Column Jan Tuerlinckx dans Trends: Législation versatile (13/07/2023)

Jan Tuerlinckx

Législation versatile

Difficile de faire plus lapidaire que le dernier paragraphe de la page 53 de l’accord du gouvernement Vivaldi : « Il sera mis fin à la possibilité de régularisation fiscale à partir du 31.12.2023. » À l’époque, en 2020, cette échéance paraissait bien lointaine. Mais elle se concrétisera dans un peu moins de six mois. La possibilité d’amnistie fiscale, moyennant le paiement d’une – juste quoique considérable – indulgence, disparaît.

Depuis 2004, la régularisation fiscale a fait l’objet de quatre réglementations différentes. C’est ce qu’on appelle une législation versatile. Mais pourquoi une énième, nouvelle mouture ? Dieu seul le sait. Certains diront : pour ôter aux fraudeurs la possibilité de se repentir et d’échapper ainsi à leur juste peine. Une justification plus populiste que fondée en théorie. D’ailleurs, plus d’un argument vient étayer cette conclusion. D’abord, les régularisations fiscales se caractérisent par d’importantes amendes et, parfois, par un champ d’application déraisonnablement vaste. Puis, supprimer une législation de régularisation ne contribue pas à l’application adéquate du droit fiscal. Si j’énonçais moi-même un argumentaire aussi péremptoire, vous ne me croiriez pas. Mais c’est l’OCDE qui formule cette conclusion.
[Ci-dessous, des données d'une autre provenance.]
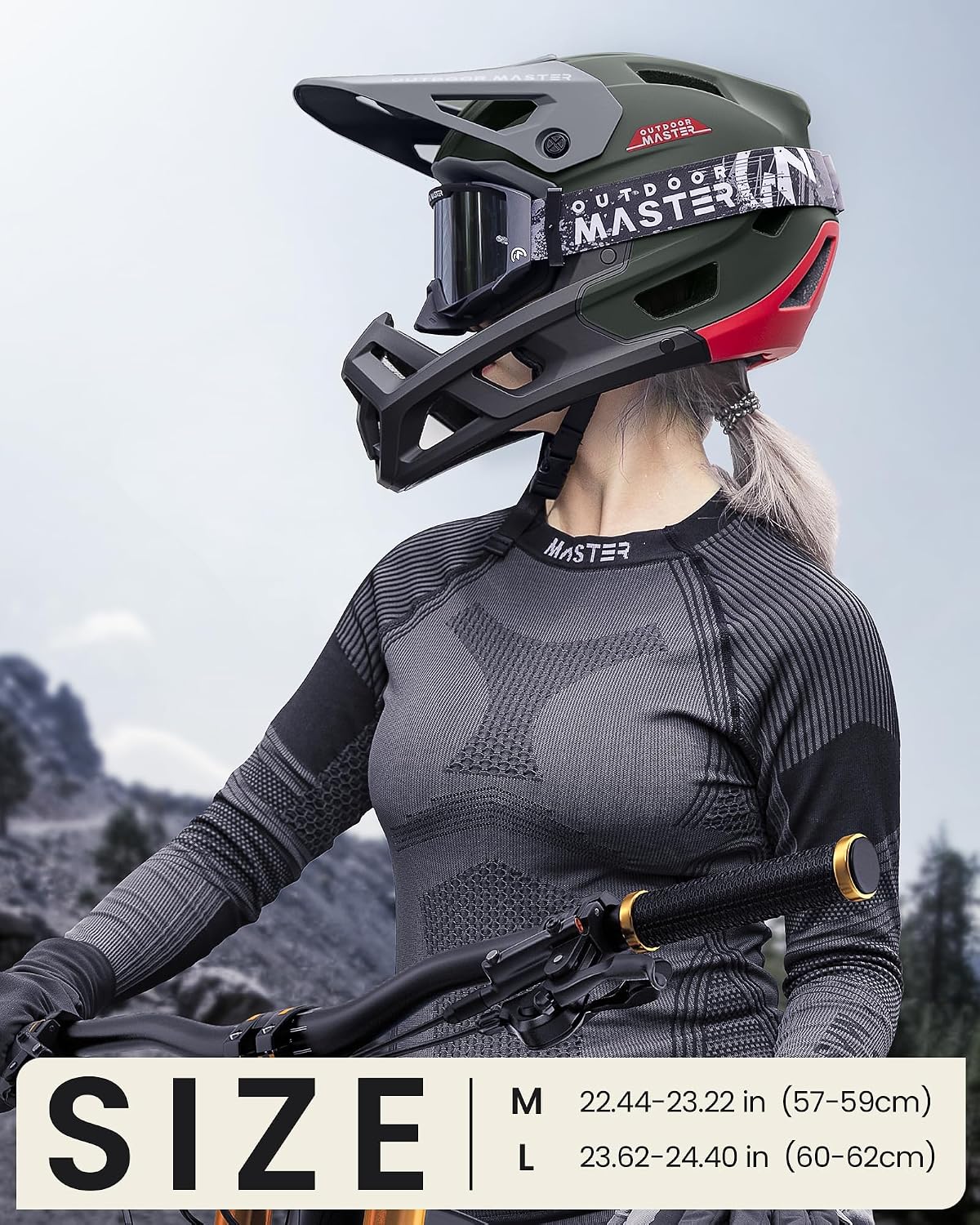 OutdoorMaster Full Face Mountain Bike Helmet for Men & Women-Two Removable Chin Pad Mountain Bike Helmet Grizzly, Ventilation Lightweight Racing Downhill DH BMX MTB Helmet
Avec la suppression de cette régularisation, la balle est dans le camp des parquets. Or, par le passé, ceux-ci ont déjà insinué qu’ils ne se voyaient pas comme un guichet de l’administration fiscale. Par ailleurs, les parquets peinent à mener des enquêtes sur les patrimoines étrangers révélés par l’échange automatique de données au niveau international, et dont le fisc ne sait que faire. De nombreuses informations et réclamations seront donc renvoyées à l’expéditeur : le fisc. Ce qui résultera à nouveau en une prolifération de pratiques administratives.

Si tel était le cas, la régularisation fiscale ne serait plus une borne en libre-service pour les fraudeurs. C’est ce que révèlent aussi les montants et recettes déclarés de ladite régularisation. Mais cette dernière n’en devient pas pour autant inutile. La Cour des comptes avait déjà souligné l’utilité de la régularisation fiscale pour les contribuables ayant commis des erreurs involontaires. De plus, comme chacun sait, la législation et l’administration fiscale elle-même peinent malheureusement à suivre les évolutions rapides de notre temps. Prenons la fiscalité des cryptomonnaies, sur laquelle l’administration ne s’est prononcée que timidement alors que cette pratique était déjà bien ancrée. Dans un cas pareil, la régularisation s’avère non seulement pratique, mais nécessaire pour le contribuable qui peut, ainsi, se mettre en règle rétroactivement.

Autre point épineux de la suppression de la régularisation fiscale : le refus des banques d’accepter les capitaux fiscalement prescrits dont on ne peut prouver qu’ils aient été soumis au régime fiscal normal, et sur lesquels pèse un soupçon de blanchiment. Le délai ayant expiré, le fisc ne peut plus examiner et imposer ces capitaux selon le circuit régulier. En pratique, une attestation de régularisation s’avère souvent le seul ressort pour rapatrier les capitaux prescrits vers un organisme financier belge, et ce alors que les banques gèrent parfois ces avoirs depuis des années.

Que l’on soit d’accord avec la décision du gouvernement ou non, le fait est que, même après le 31 décembre 2023, on verra se multiplier les situations où l’une ou l’autre forme de régularisation fiscale viendra réoxygéner un système sous pression. Tout gouvernement qui se respecte doit permettre au contribuable de réparer ses erreurs, surtout dans un paysage fiscal aussi complexe que celui de la Belgique. Sans doute finira-t-on par adopter une nouvelle législation de régularisation. Mettons tout en œuvre pour en faire un ensemble plus nuancé et plus équilibré.